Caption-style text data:
━━━

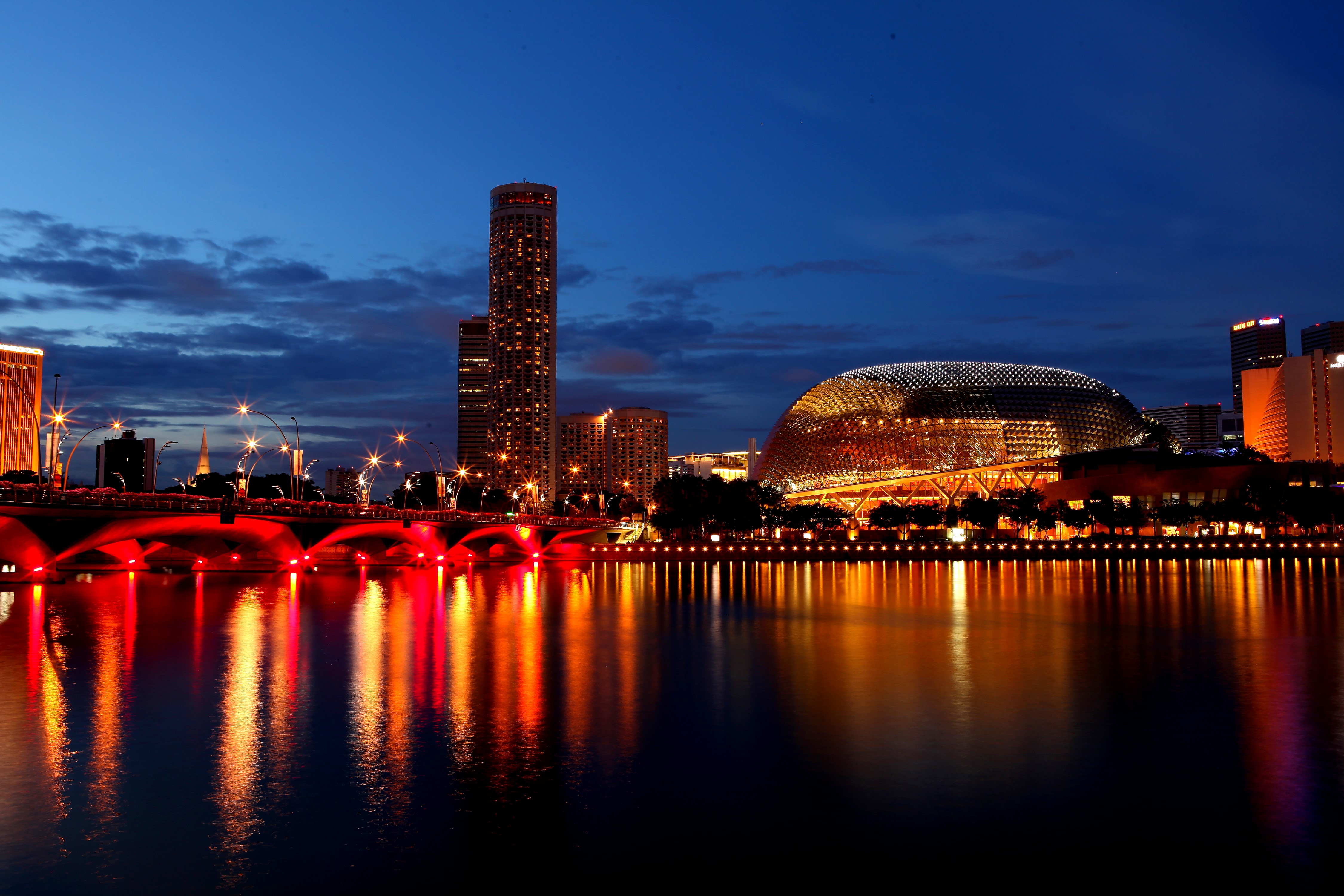 Singapore skyline at night with illuminated bridge and buildings HD Wallpaper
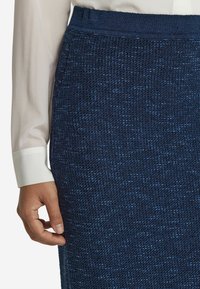 Marinblå vävd kjol med en strukturerad yta, med ett åtsittande midjeband och sidofickor. I sällskap med en vit långärmad blus.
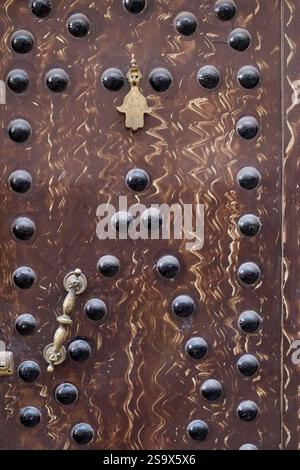 Marrakech, Morocco. Old brown door with metal hardware Stock Photo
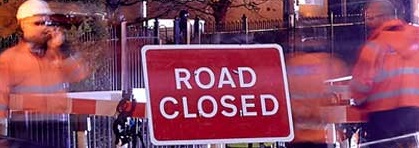 Workers in orange vests stand near a 'Road Closed' sign at night. Barriers and blurred motion convey a bustling, active work scene.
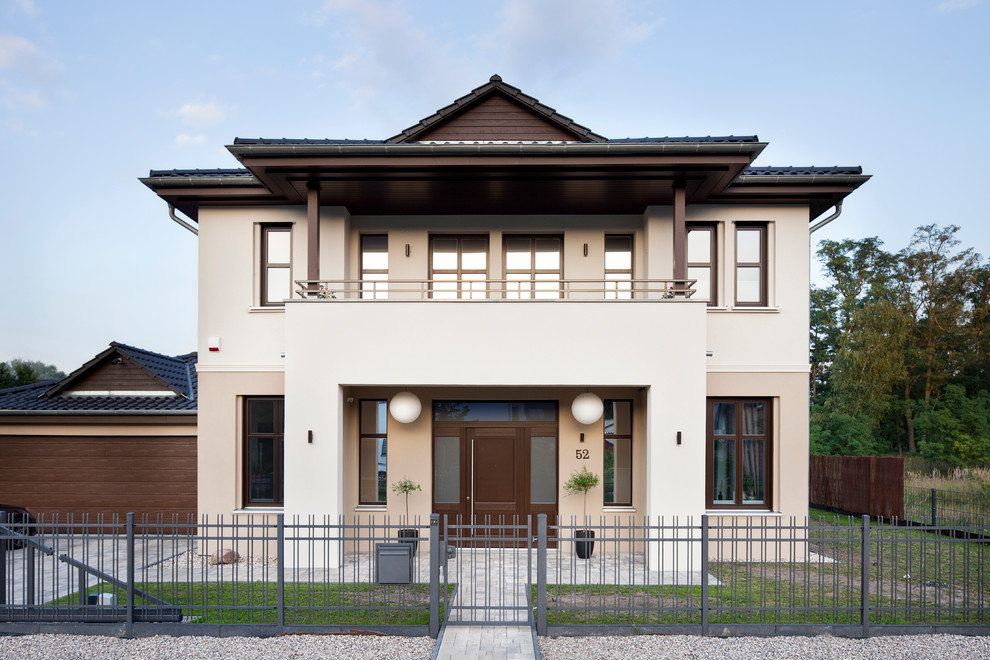 Inspiration pour une grande façade de maison marron traditionnelle à un étage avec un toit à quatre pans.
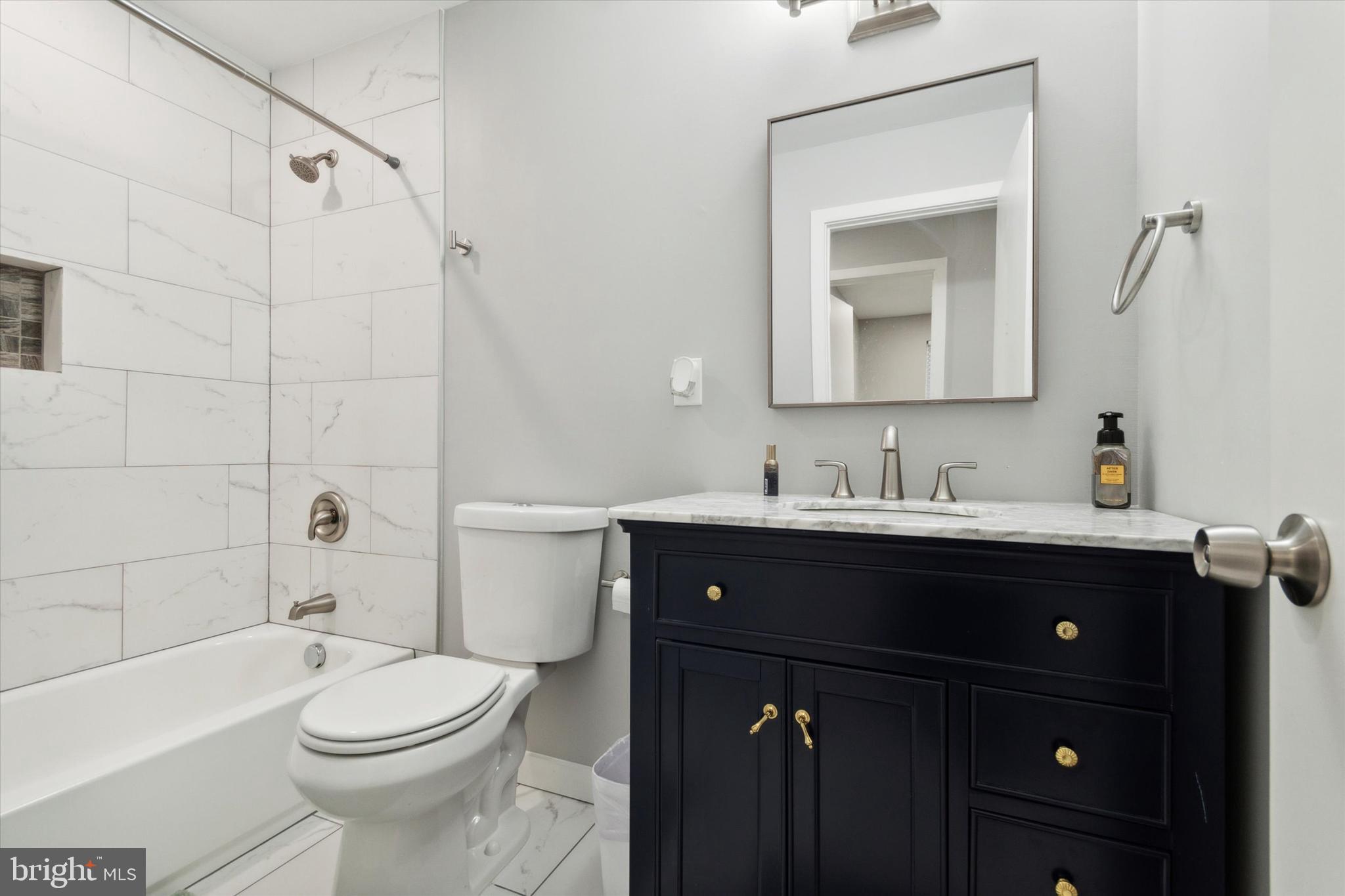 113 Kresson Gibbsboro Road, Unit 2 Voorhees, NJ 08043 - Photo 21 of 25 a bathroom with a sink a toilet and shower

━━━

WHAT TO WORK ON: Your task is to repeat the records exactly. Images do not belong in the copy.

ANSWER AREA:
 Singapore skyline at night with illuminated bridge and buildings HD Wallpaper
 Marinblå vävd kjol med en strukturerad yta, med ett åtsittande midjeband och sidofickor. I sällskap med en vit långärmad blus.
 Marrakech, Morocco. Old brown door with metal hardware Stock Photo
 Workers in orange vests stand near a 'Road Closed' sign at night. Barriers and blurred motion convey a bustling, active work scene.
 Inspiration pour une grande façade de maison marron traditionnelle à un étage avec un toit à quatre pans.
 113 Kresson Gibbsboro Road, Unit 2 Voorhees, NJ 08043 - Photo 21 of 25 a bathroom with a sink a toilet and shower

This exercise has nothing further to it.